Dans ce spectacle entièrement filmé et retransmis en direct sur écran géant, Gosselin ne recule devant aucun cliché du théâtre contemporain : format avignonesque, acteurs à poil qui se roulent par terre en hurlant dans une langue imaginaire, musique assourdissante, etc. Seulement, cette fausse trilogie nous rappelle qu’au service d’un réel propos, les gestes théâtraux les plus outranciers peuvent être pertinents.
Là où la provocation relève souvent de la pose, celle de Gosselin bouleverse par sa sincérité. Son admiration pour les textes de DeLillo transpire dans ce spectacle, qui leur offre une caisse de résonance inédite. Dans la bouche des acteurs, en surimpression sur les écrans ou écrasés par la musique, les mots débordent et nous transportent. « Notre offrande est le langage » sont d’ailleurs les derniers prononcés sur scène. Mais le spectacle se poursuit après l’ultime phrase, dans une transe hypnotique.

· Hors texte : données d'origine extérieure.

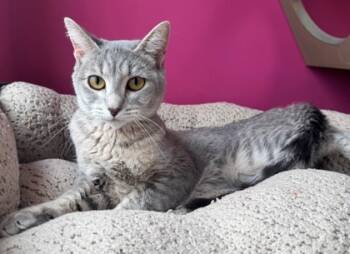 Rescue Domestic Short Hair Cats for Adoption in Willmar, Minnesota - Shayla | PetCurious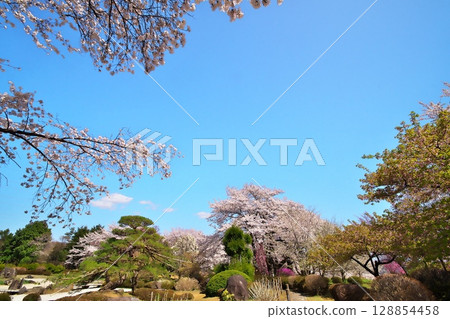 Cherry blossoms in full bloom at the temple 128854458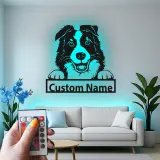 Cartel de metal LED personalizado de Border Collie, regalo para amantes de los perros, decoración para la sala de estar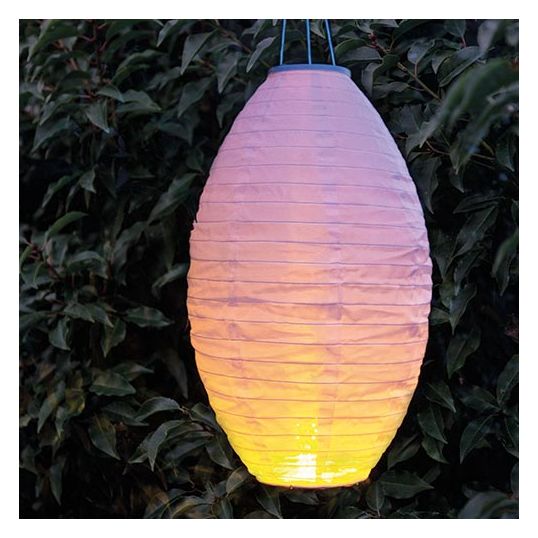 eiwit Voorwaardelijk Om te mediteren Solar Lampion Vlameffect - 30x50 cm koopt u bij De Boet
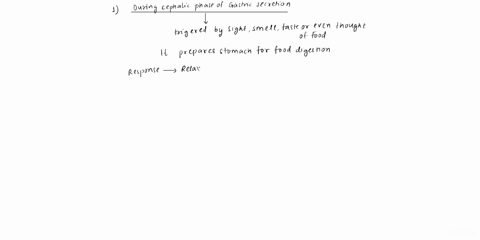 during-the-cephalic-phase-of-gastric-secretion-o-there-is-an-increased-flow-of-action-potentials-along-the-vagus-nerve-to-the-stomach-o-production-of-gastric-juice-slows-down-secretin-inhibi-73767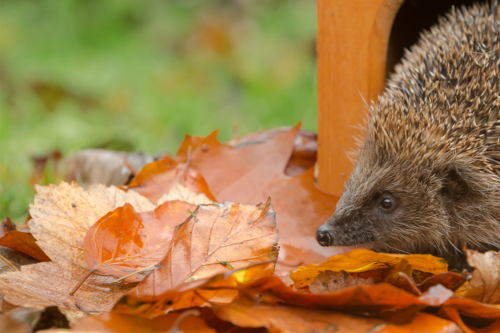 Igel kommt aus einem Igelhaus. Das können Sie auch bauen. [Foto: AdobeStock_Anne Coatesy]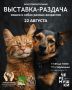 Благотворительная выставка-раздача животных пройдет во Владивостоке
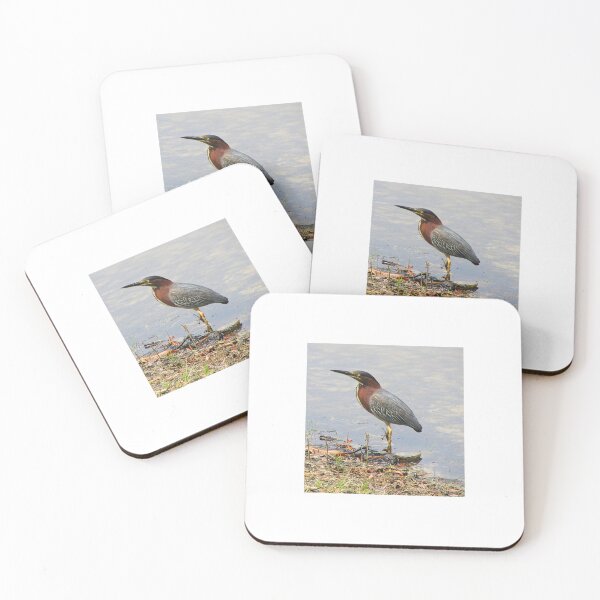 Item preview, The Wading Green Heron Hannah Park Duval County, Florida Artistic Photograph designed and sold by Shannon Sears .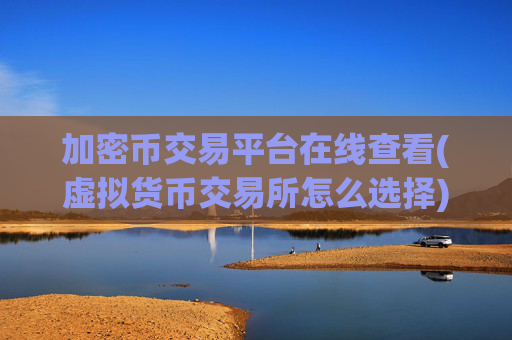 加密币交易平台在线查看(虚拟货币交易所怎么选择)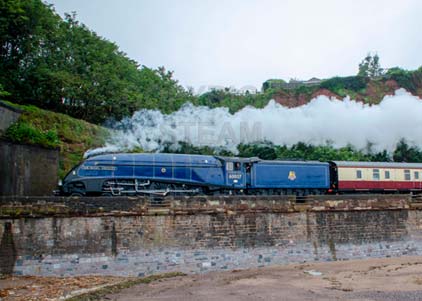 Purchase photo of 60007 SIR NIGEL GRESLEY at Dawlish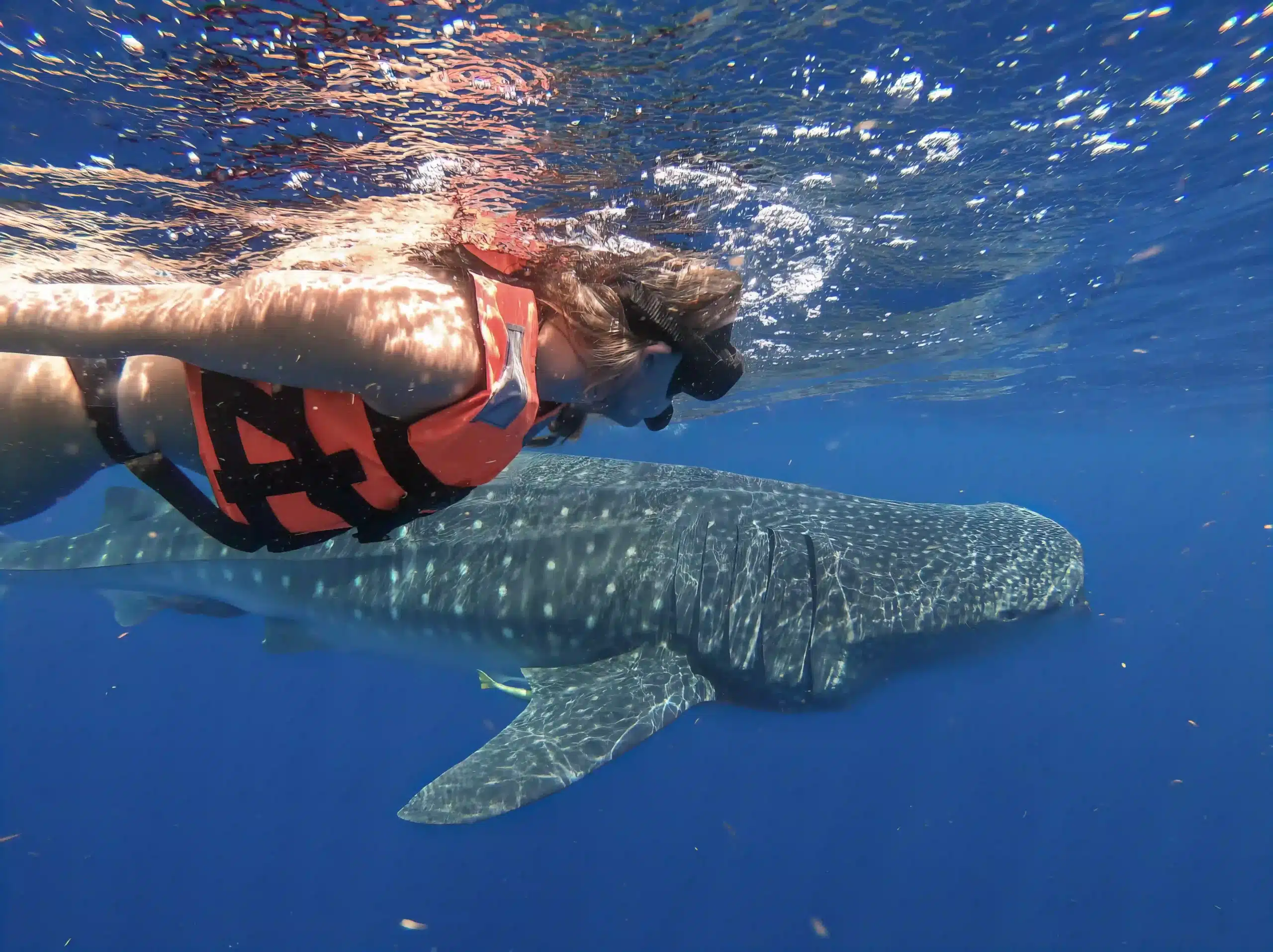 Whale shark season and best snorkeling san jose cabo visibility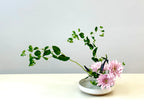Intro to Ikebana @ Cypress Pillar Healing Arts - Various Dates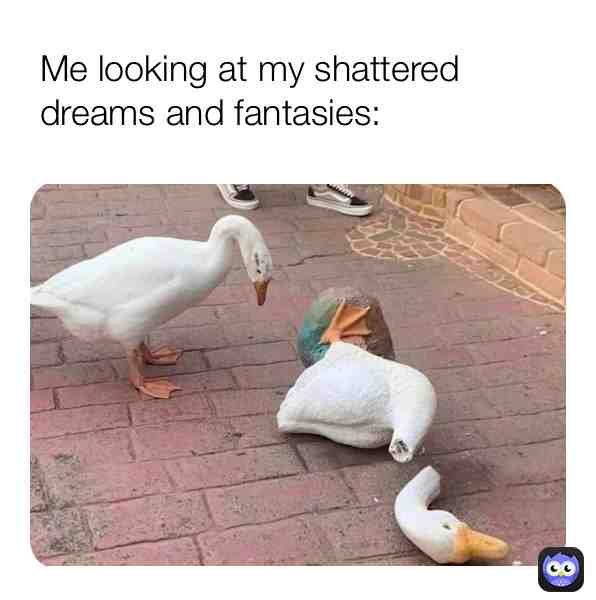 Meme shared by @memesfer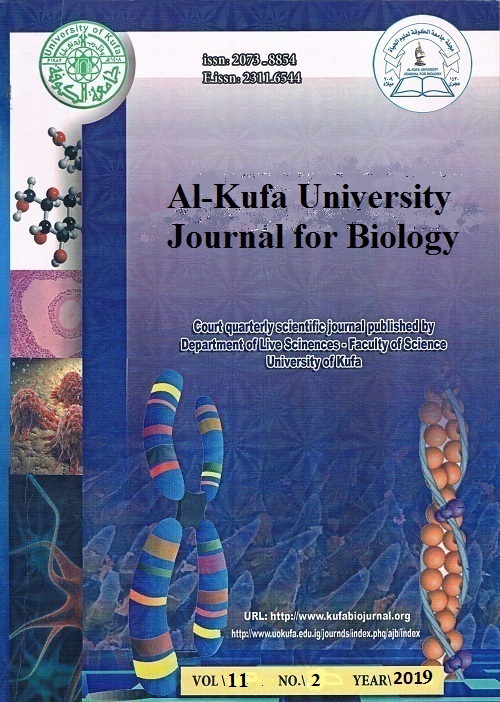 Issue 2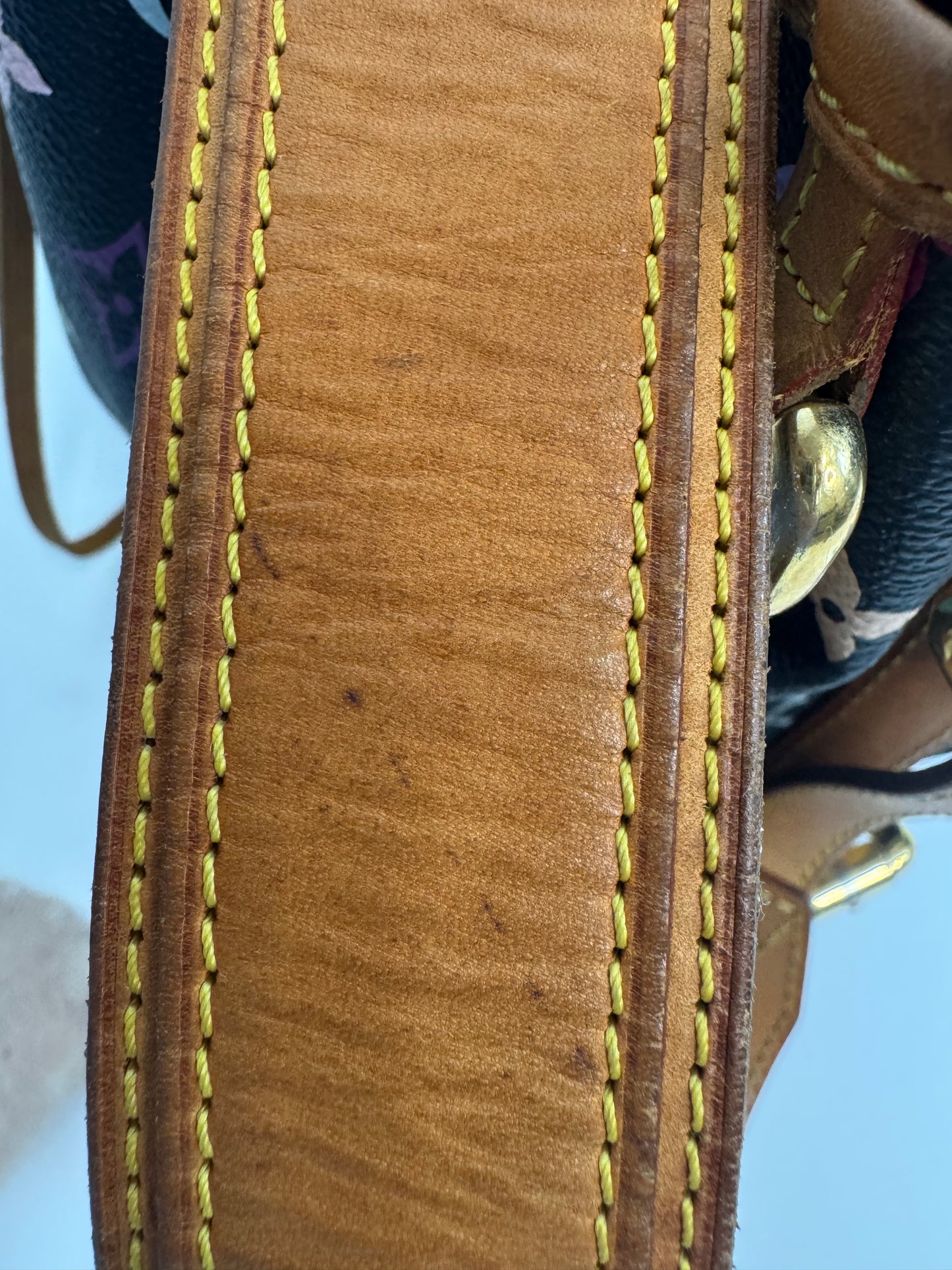 Louis Vuitton Takashi Murakami Neo Petite Black Multi Color Monogram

Ce double final illustre bien le refus du metteur en scène de choisir entre texte et performance. Et c’est ce qui rend son théâtre si intense. Les mots n’y constituent ni un archaïsme —dont il faudrait s’affranchir au profit d’une pure expression physique—, ni un corpus figé —qu’il conviendrait de protéger—, mais bien une matière organique et mouvante, féconde. La littérature est vivante, elle est énervée ; quand on voudrait la ranger dans une bibliothèque, Gosselin lui tend un micro, et des enceintes surpuissantes. Merci à lui.